Starring: Miki Imai, Toshirô Yanagiba, Youko Hanna
Director: Isao Takahata
Running Time: 118 mins
Only Yesterday is a Japanese film following a woman who, while travelling to the countryside, reminisces about her youth and her experiences as a young girl in Tokyo.
This is a really sweet and pleasant film. Although it isn’t consistently as compelling as it starts off, it’s a well-written, very well-directed, and simply delightful treat all about the best memories of childhood that will, at times, move you.
The first act of this film is by far the best. It begins by telling how our main character, Taeko, yearns for the countryside after having lived all her life in the big city. What makes this an even stronger theme throughout is how the film then goes back into flashbacks and tells a fascinating back story as to why this woman is the way she is.

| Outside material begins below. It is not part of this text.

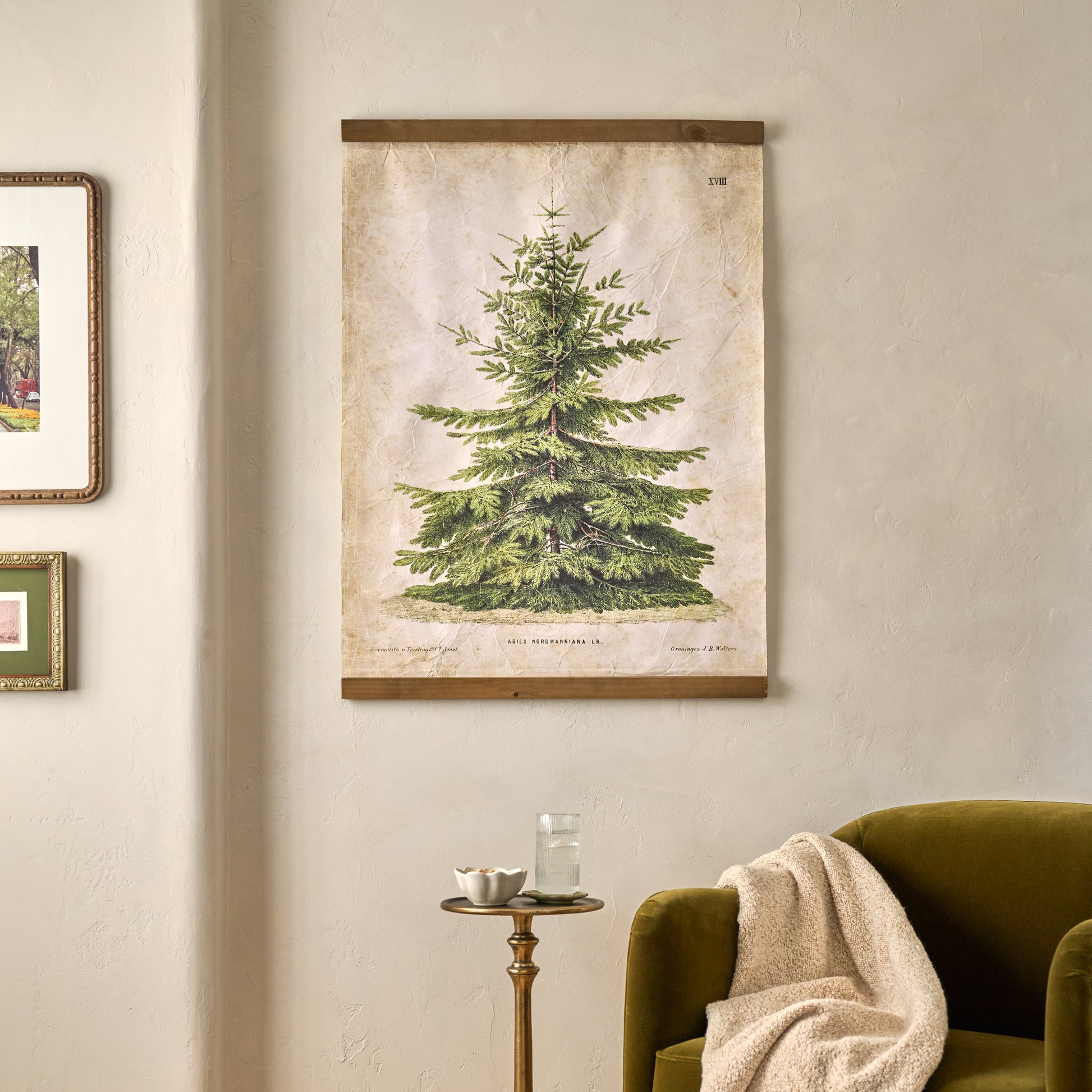 Vintage Christmas Fir Tapestry shown hung on wall above accent chair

And for the first forty minutes or so, it’s almost all about Taeko’s childhood. That part of the story beautifully plays on nostalgia, and really moved me at certain moments, but the way it tells a young coming-of-age story is just so sweet and pleasant that I couldn’t help but smile my way through all of it.
What’s more is that Takahata’s direction is really impressive. It’s not just the classically beautiful Ghibli animation, but the way that Takahata so effortlessly weaves the flashbacks and the modern day in and around each other on screen, and it makes for such a swift and even more elegant atmosphere that again makes this an even more pleasant film to watch.

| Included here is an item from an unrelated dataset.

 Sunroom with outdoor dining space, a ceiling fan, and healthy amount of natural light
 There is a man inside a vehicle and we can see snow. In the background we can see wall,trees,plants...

The second half of the film, however, isn’t as impressive. Whilst the light serenity of the first act is retained, and it’s hugely satisfying to see Taeko finally reach the countryside after dreaming of it for so long, the story really loses its way from what was a hugely nostalgic and touching coming-of-age tale.
It starts with one overlong conversation scene that really doesn’t feel as if it’s adding anything to the plot, and although subsequent moments do make it more relevant, it’s still not really captivating at all. Meanwhile, we get less and less flashbacks, and just more and more talking about the past.
Whilst it’s still interesting to hear about Taeko’s childhood still shaping her in the modern day, what I really missed was the fact that we were being shown everything. The flashbacks in the first act were beautiful, both due to their different visual style to present day, and the fact that they seemed so pleasant, but by the end, we don’t get as much of that, and sit with what is a more generic emotional story.
Overall, Only Yesterday is a film with a brilliant opening act, full of wonderful emotion and beautiful direction, and although it really does lose its way as the film goes on, it’s overall a very pleasant and generally interesting watch, so that’s why I’ll give it a 7.1.